In the case of employing a dry process, a film which is dried on a drum or an endless belt and has self-holding properties is peeled off from these supports, and is stretched in the longitudinal direction of the film. Further, drying, stretching, and heat treatment for removing the residual solvent are performed, and these treatments are performed at 150 to 500 ° C. for 1 to 30 minutes.

The film formed as described above is stretched during the film forming process, and the stretching ratio is 0.9 to 3.0 (area ratio). Is defined as a value obtained by dividing by the area of the film. 1 or less means relaxation.) In order to improve the thermal conductivity and maintain the mechanical properties and the thermal properties. When the area ratio is larger than 3.0, the mechanical properties are improved, but the thermal conductivity and the thermal properties are unfavorably deteriorated.
The method for adjusting the surface properties of the film is controlled by the type and amount of the high thermal conductive particles, the dispersing method, the film forming conditions, and the like.

To form the laminated film of the present invention, A
Two types of film forming stock solution corresponding to the layer side and film forming stock solution corresponding to the layer B side were prepared by a known method, for example, as shown in JP-A-56-162617, in a merging tube or in a base. And B /
It can be formed by laminating A / B. Alternatively, it is acceptable to form a film by film-forming solution of any one performs desolvation cast other membrane-forming solution thereon, on this is al, laminating in the same way the method Can be. In particular, when laminating in a junction tube or a base, the viscosity of the stock solution is 100 to 10
It is preferable to adjust to be 000 poise. If it is smaller than this range, the liquids tend to mix with each other before the undiluted liquid comes out of the die, which is not preferable. Further, it is desirable that the viscosities of the liquids in the respective layers are the same, but there may be a slight difference in viscosity, and it is preferable that the difference in viscosity is targeted at 50% or less.

Further, when a dry method or a dry / wet method is adopted,
Each liquid may mix during the drying process. The undiluted solution cast on the support once decreases in viscosity when heated,
Thereafter, the viscosity increases again as the solvent evaporates. However, when the viscosity falls below 10 poise, the respective liquids are easily mixed. Therefore, it is necessary to sufficiently adjust the drying conditions so that the viscosity does not drop below 10 poise, preferably below 50 poise. is there. For example, a method of increasing the drying temperature in at least two stages can be adopted.

Although the laminated film of the present invention is manufactured as described above, it is preferable to perform a glow discharge treatment and a corona discharge treatment for further improving the inking property.

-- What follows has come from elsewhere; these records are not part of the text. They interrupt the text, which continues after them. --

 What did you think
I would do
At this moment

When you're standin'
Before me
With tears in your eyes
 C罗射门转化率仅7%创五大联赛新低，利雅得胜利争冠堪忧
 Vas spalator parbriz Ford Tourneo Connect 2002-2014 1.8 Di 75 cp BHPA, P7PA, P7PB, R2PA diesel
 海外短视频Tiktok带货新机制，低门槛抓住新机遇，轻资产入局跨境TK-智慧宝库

[Method of Use] The film of the present invention thus obtained is used by inking one of its surfaces. The use form is a drum-shaped,
Endless drum shape, ribbon shape, endless ribbon shape,
A sheet shape, an endless sheet shape, or the like can be appropriately selected. If necessary, the surface to be inked within the range satisfying the characteristics of the present invention may be provided with ink adhesiveness, ink releasability, antistatic property, or inking. It is possible to impart lubricity and lubricity to the surface opposite to the surface to be formed.

As the heat-sensitive solid ink of the present invention, known inks are generally used, and monochrome and color inks can be used. Further, any of a so-called fusion type and sublimation type can be used. . Among them, a melt type ink is preferable.

[0051]

According to the master film for thermal transfer recording of the present invention, the resin having no melting point has a layer A composed of high thermal conductive particles , and the resin having no melting point has high thermal conductive particles having a smaller content than the layer A. As a result of the structure in which the layer B is laminated on both sides of the layer A , the following effects are obtained.

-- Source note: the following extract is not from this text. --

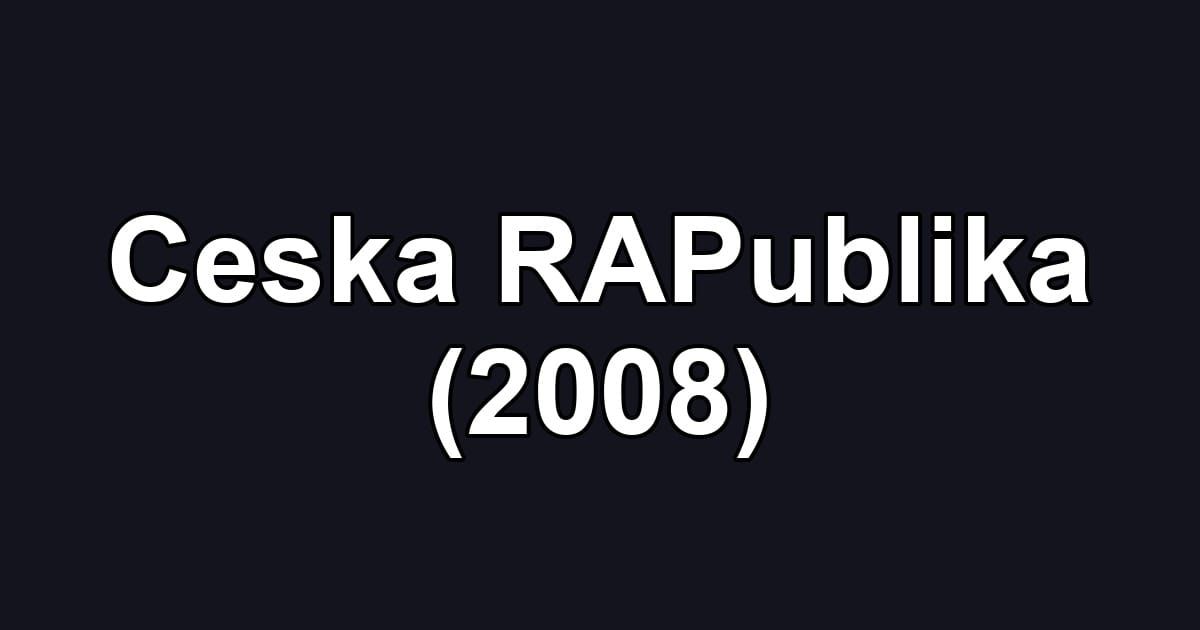 Ceska RAPublika (2008)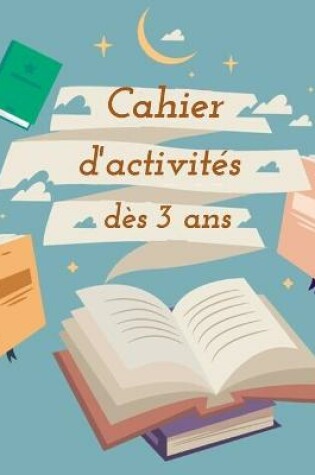 Cover of Cahier d'activites des 3 ans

The master film can be used repeatedly, and an inexpensive master film can be obtained. In addition, since high thermal conductive particles are included, thermal efficiency is improved, so that speed can be increased and transfer energy can be reduced.

[0053]

[0054]

[Method of measuring characteristics and method of evaluating effects]
The method for measuring characteristics and the method for evaluating effects in the present invention are as follows. (1) Thermal conductivity Measured at 25 ° C. by laser flash method using TC-700 manufactured by Vacuum Riko Co., Ltd.

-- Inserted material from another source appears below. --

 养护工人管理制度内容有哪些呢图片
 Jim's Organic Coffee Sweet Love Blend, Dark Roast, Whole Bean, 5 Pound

(2) Surface Roughness Using a surface roughness measuring instrument, SE-3E, manufactured by Kosaka Seisakusho, a measurement length of 4 mm was measured under the condition of a cutoff value of 0.08 mm, and the roughness curve was measured from the center line of the chart. Of the maximum height Rp was calculated. The film is measured by fixing it to a glass cylinder having an outer diameter of 80 mm with cellophane.

(3) Inking properties and image transfer properties The following hot-melt ink solids are heated and melted and transferred to the surface of the heat-resistant film, and the inking properties are then transferred. To evaluate the image transferability. Note that plain paper was used as the transfer paper. [Hot-melt ink composition] Carnauba wax: 100 parts by weight Microcrystalline wax: 30 parts by weight Vinyl acetate / ethylene copolymer: 15 parts by weight Carbon black: 20 parts by weight Uniform over the entire surface Δ: There is a slightly non-uniform part on the ink surface. X: The ink surface is non-uniform. Criteria for image transferability were as follows: 印字: clear printing was obtained. 少 し: printing had a slightly unclear portion. X: printing was unclear, and ○ was good.

(4) Head Staining Property After printing 10,000 sheets under the condition (3),
The head was removed, and the stained and worn state of the head was observed with a 100-fold optical microscope. When the contaminated area of the head portion was less than 30%, the head contamination was [O], when it was 30% or more, [Δ], and when it was less than 30%, it could not be removed by wiping with ethyl alcohol [X]. The occurrence of scratches on the head was observed, and those without any scratches were marked with [○] for the head abrasion, and those with scratches were marked with [x]. Both the head stainability and the head abrasion were evaluated as [O], and the head stainability was evaluated as [O].

(5) Hot Stick Property The vehicle was run under the conditions of the above (3), and judged according to the following criteria. ◎: No sticking was observed, the running property was extremely good, and clear printing was obtained. ：: There is no problem in running properties, and normal printing can be performed, but a slight stick occurs in the solid printing portion. Δ: Running, but normal printing was not possible. ×: No running at all. ○ The above was regarded as good.

[0060]

EXAMPLES The present invention will be described below with reference to examples, but the present invention is not limited to these examples. In the following Examples 1 5 and the characteristics in Comparative Example 1 to 5 are summarized in Table 1, also the practical test results shown in Table 2.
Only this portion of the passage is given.